Arguing that PJM's Reliability Pricing Model is causing "harm" to Maryland ratepayers, several Maryland consumer advocates and state agencies have urged the PSC to implement a managed portfolio process for ensuring adequate electric supplies for ratepayers, with provisions for long-term contracting for new capacity, in comments in the PSC's investigation into RPM (PC 22).

"The design of the RPM market has forced consumers to purchase capacity well in excess of the amounts need [sic] to meet reliability requirements at prices that far exceed the value of that capacity.  There is little indication that consumers have gotten much of value from those excessive payments," the Office of People's Counsel said.

"RPM clearing prices have failed to spur development of new capacity in Maryland.  Instead, implementation of the RPM market has resulted for the most part in a massive transfer of wealth from consumers to owners of existing capacity resources.  Unfortunately, neither PJM nor FERC has been particularly receptive to proposals from consumer advocates, other representatives of capacity buyers, or state regulatory commissions for changes to the RPM market design that might mitigate the harm to consumers," OPC added.

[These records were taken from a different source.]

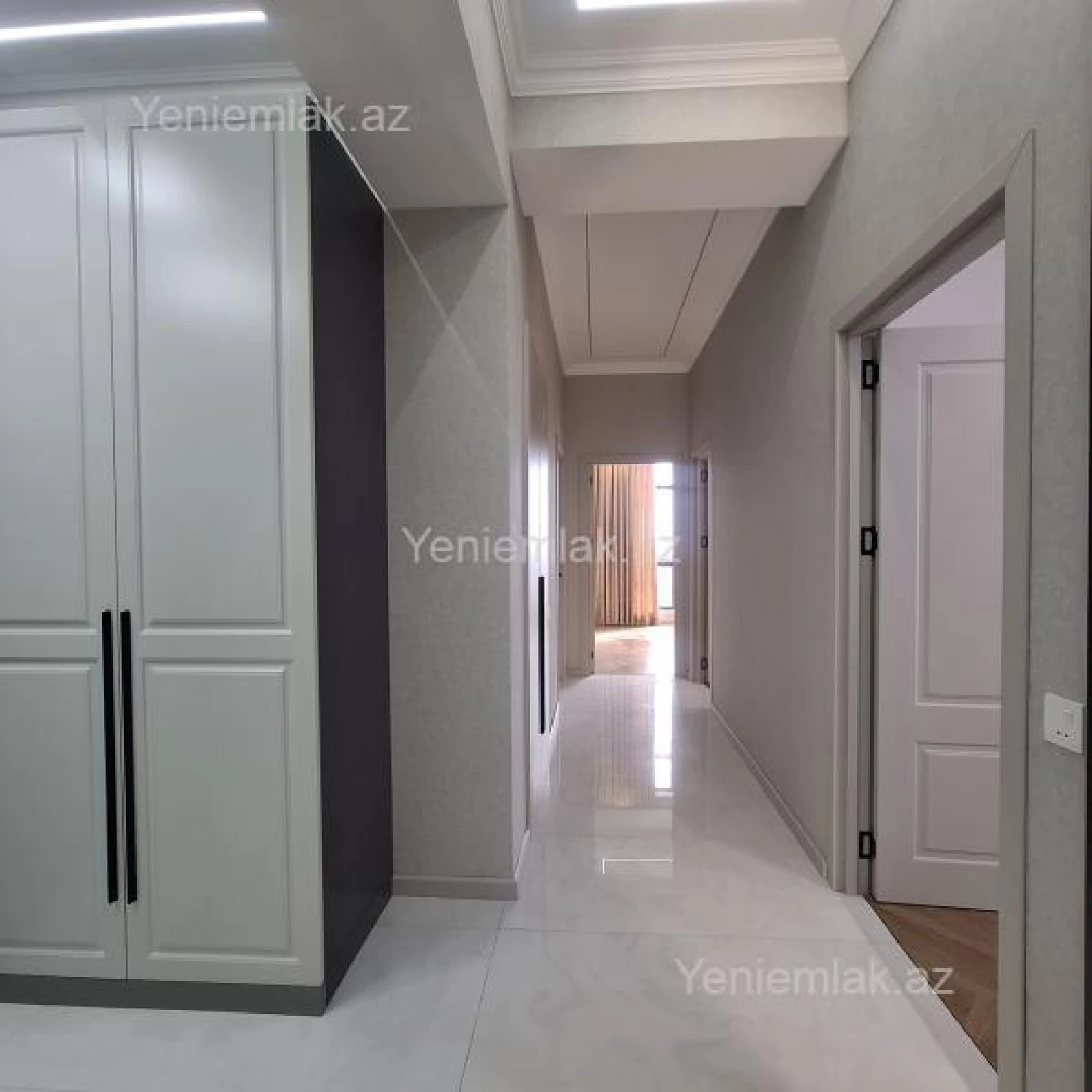 Satılır 3 otaqlı yeni tikili 90 m²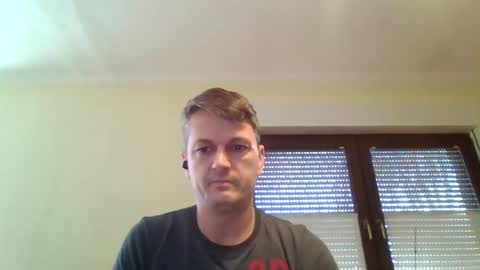 Snapshot of piercingsxxx chatting on 12/15/25, 09:02 piercingsxxx online show from 12/15/25, 09:02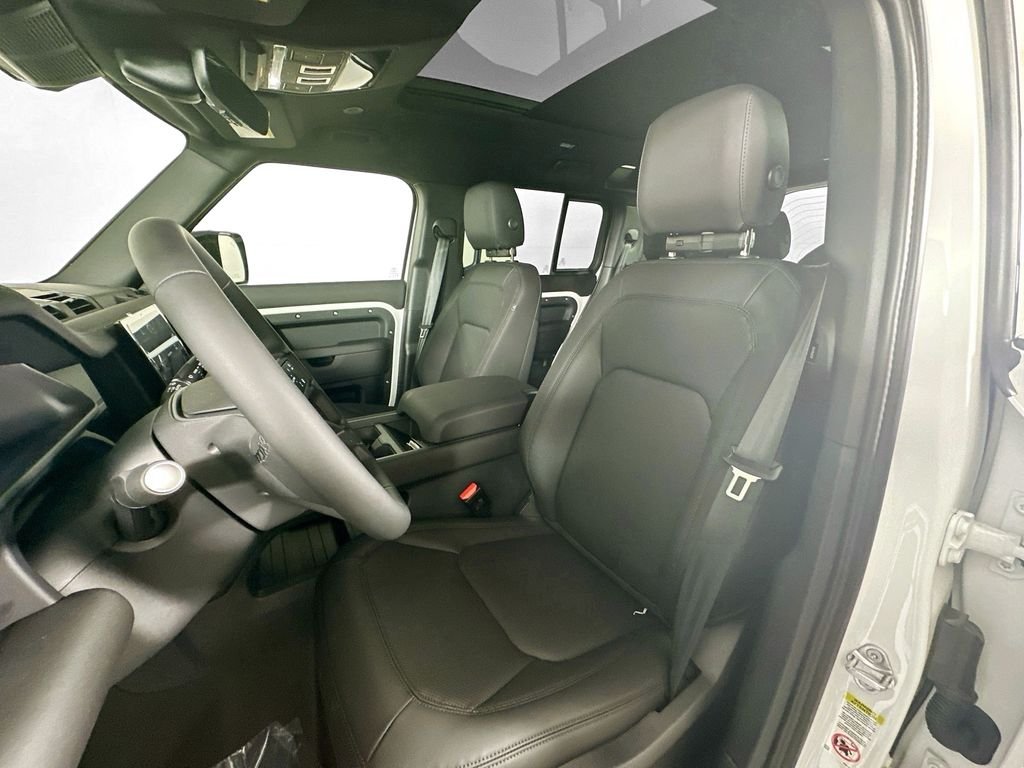 Certified Used 2025 Fuji White Land Rover S image 10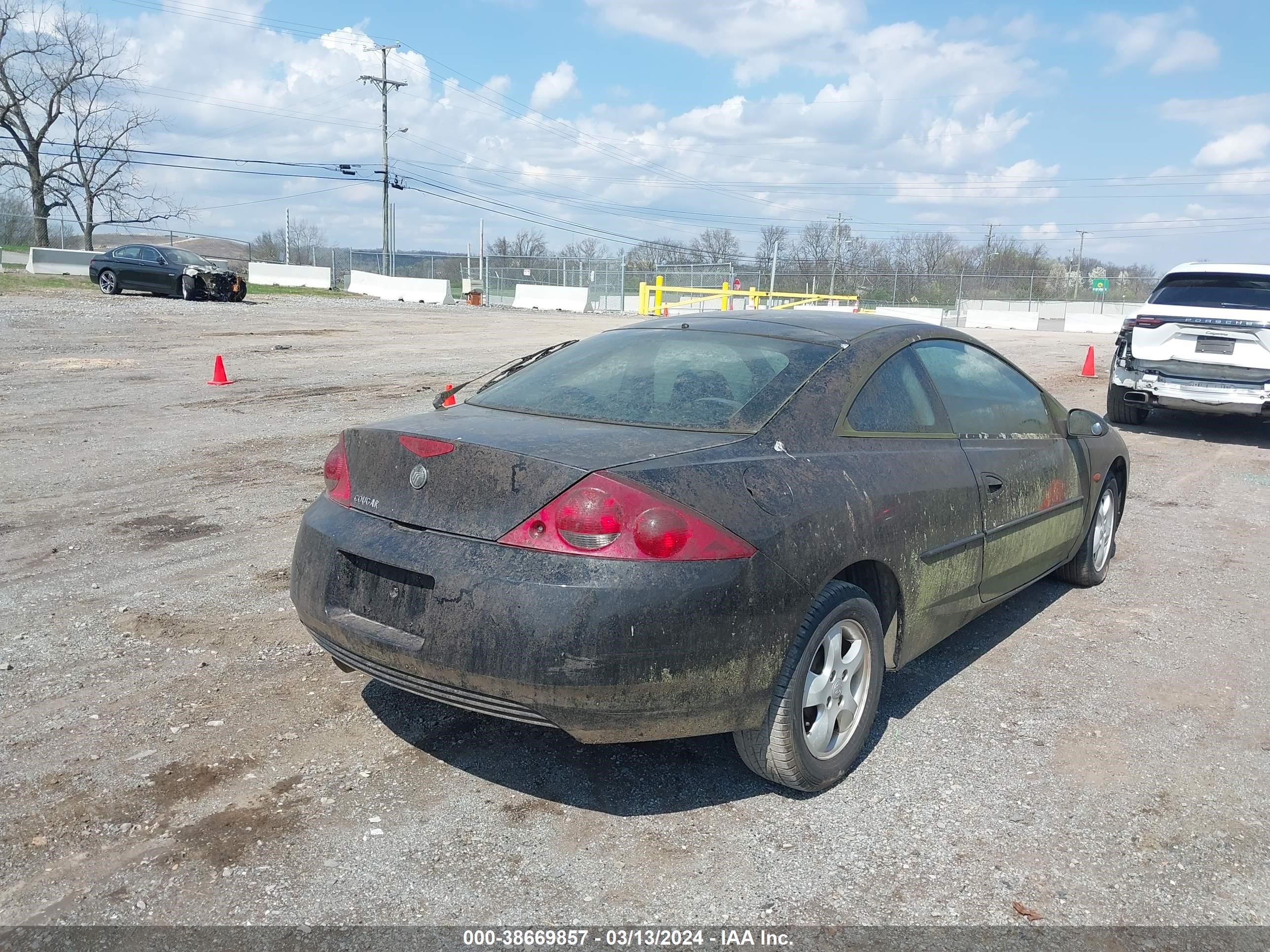 Photo 3 VIN: 1ZWFT603525608724 - MERCURY COUGAR 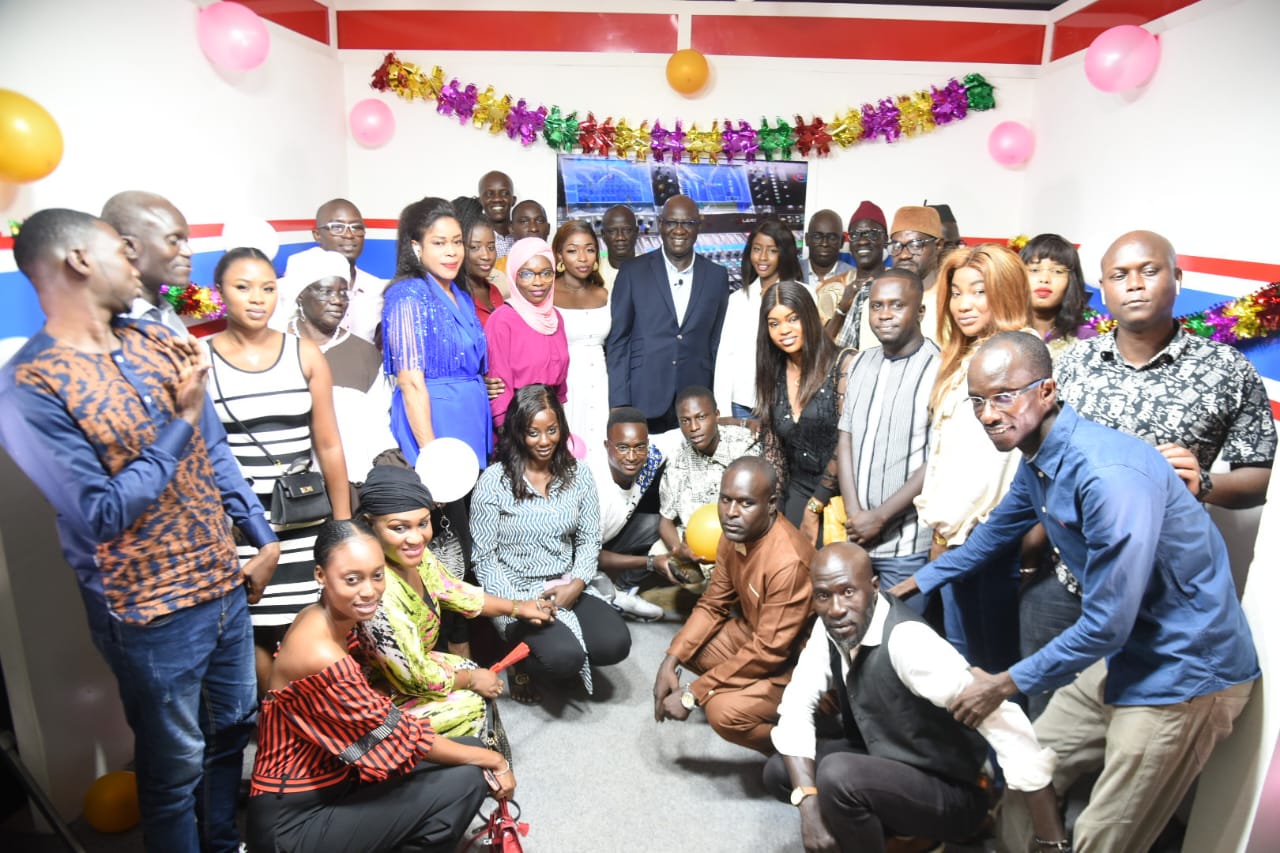 En images: 1 AN ça se fête, Rewmi TV souffle son premier bougie avec son PDG Mr Mbagnick Diop Pdt du MEDS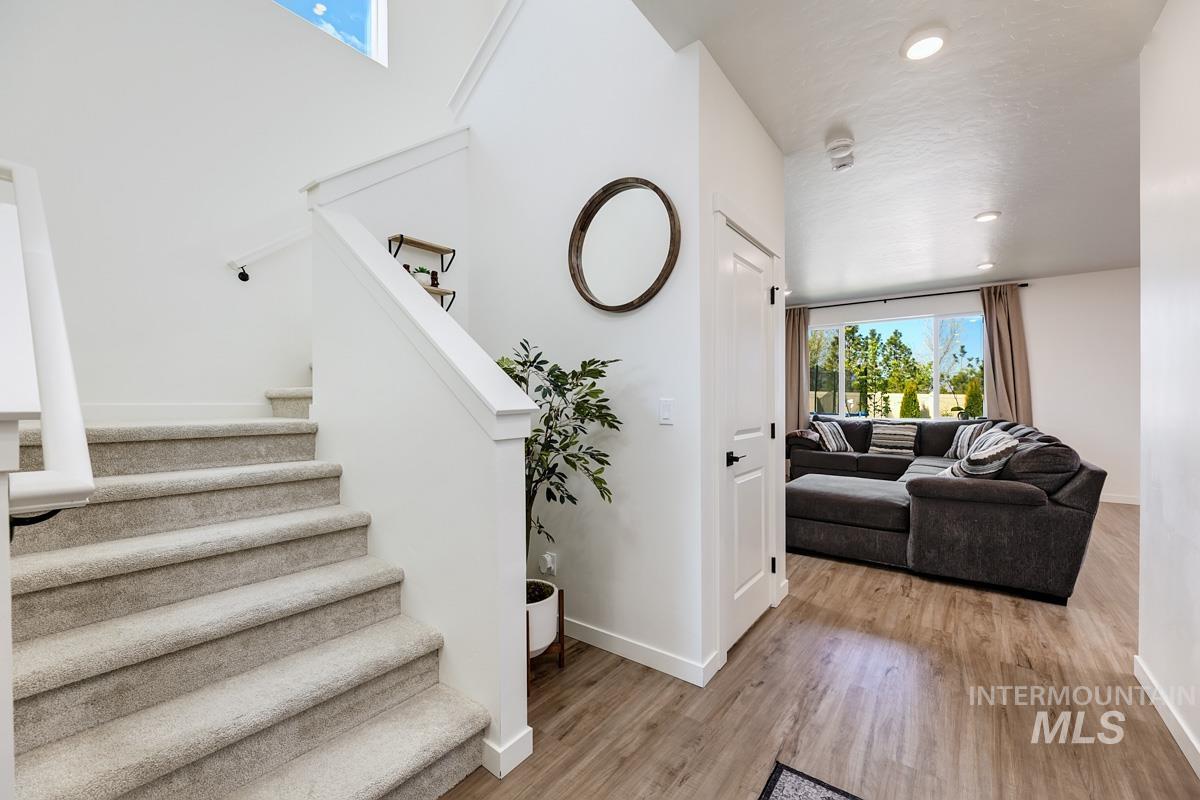 4469 S Colditz Way, Meridian, Idaho 83642, 4 Bedrooms, 2.5 Bathrooms, Residential For Sale, Price $599,900,MLS 98984121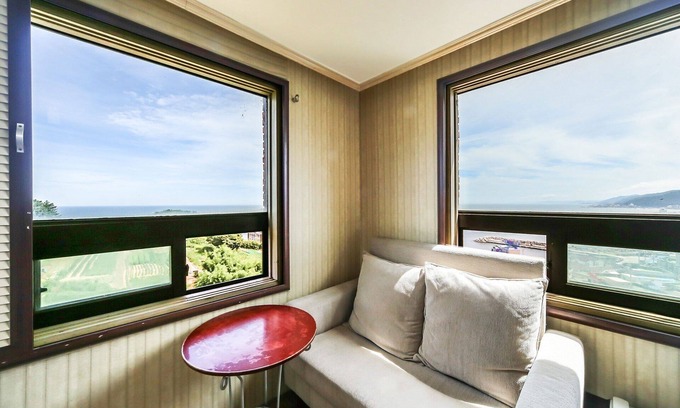 Yeongdeok Hotel | Donghae Maritime Tourism Hotel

Accordingly, OPC said that, "the Commission should consider requiring Maryland's distribution utilities to either invest in or enter into long-term contracts for transmission, generation, or demand-side resources when it is economic to do so."

The University System of Maryland also favored changes to the structure of SOS to mitigate the price impacts of RPM.  "The most effective mechanism for the Commission to adopt to encourage the development of supply in Maryland is a managed portfolio of differing contract lengths," USM argued.

"With the enactment of deregulation of electricity supply in Maryland, ratepayers have lost most protection from market prices ... The only way to limit [fuel-driven price] increases is to create a supply portfolio that is not 100% tied to current fuel prices.  This can be accomplished through the purchase of renewable energy and/or fixed price contracts from non-renewable projects," USM said.

"The Commission should recognize that for the foreseeable future there will be reliance by retail customers on the utilities' standard offer service.  Given that realization, it should be the responsibility of the State and the Commission to stabilize the energy rates absent returning to full regulation.  Stabilization of rates may mean that some ratepayers are paying more than the current spot market price for energy, capacity and RECs (to meet Renewable Portfolio Standards ('RPS')), but at other times they may be paying less," USM added

USM suggested that initially the state could purchase 5% of supply from new projects each year for the next five years.  After five years, USM said that there would be long-term contracts for over 1,000 MW of new generation, based on conservative estimates of load still served by the utilities.

"There has to be some quantity of supply to serve SOS that is purchased long term (over ten years) resulting in price stabilization to ratepayers.  USM would advocate that at least 25% of SOS load be purchased long term and diversified in regards to technologies, location, project owners, and pricing," USM added.

"It is likely that a twenty year power purchase agreement for any type of generation will result in capacity pricing lower than the realized PJM RPM pricing over the same term," USM said.

The Maryland Energy Administration likewise urged the Commission to, "move expeditiously on the long-pending proceedings which provide mechanisms for contracting for new in-State resources by the utilities, as allowed by current law."

A managed portfolio featuring expansion of in-state generation, and providing long-term supply resources, "will help achieve the State's policy goals of affordable, reliable, and clean energy, and also serve to enhance price stability," MEA said.

MEA also said that the Commission must examine, "a possible exit from PJM on its own or in conjunction with other similarly situated states."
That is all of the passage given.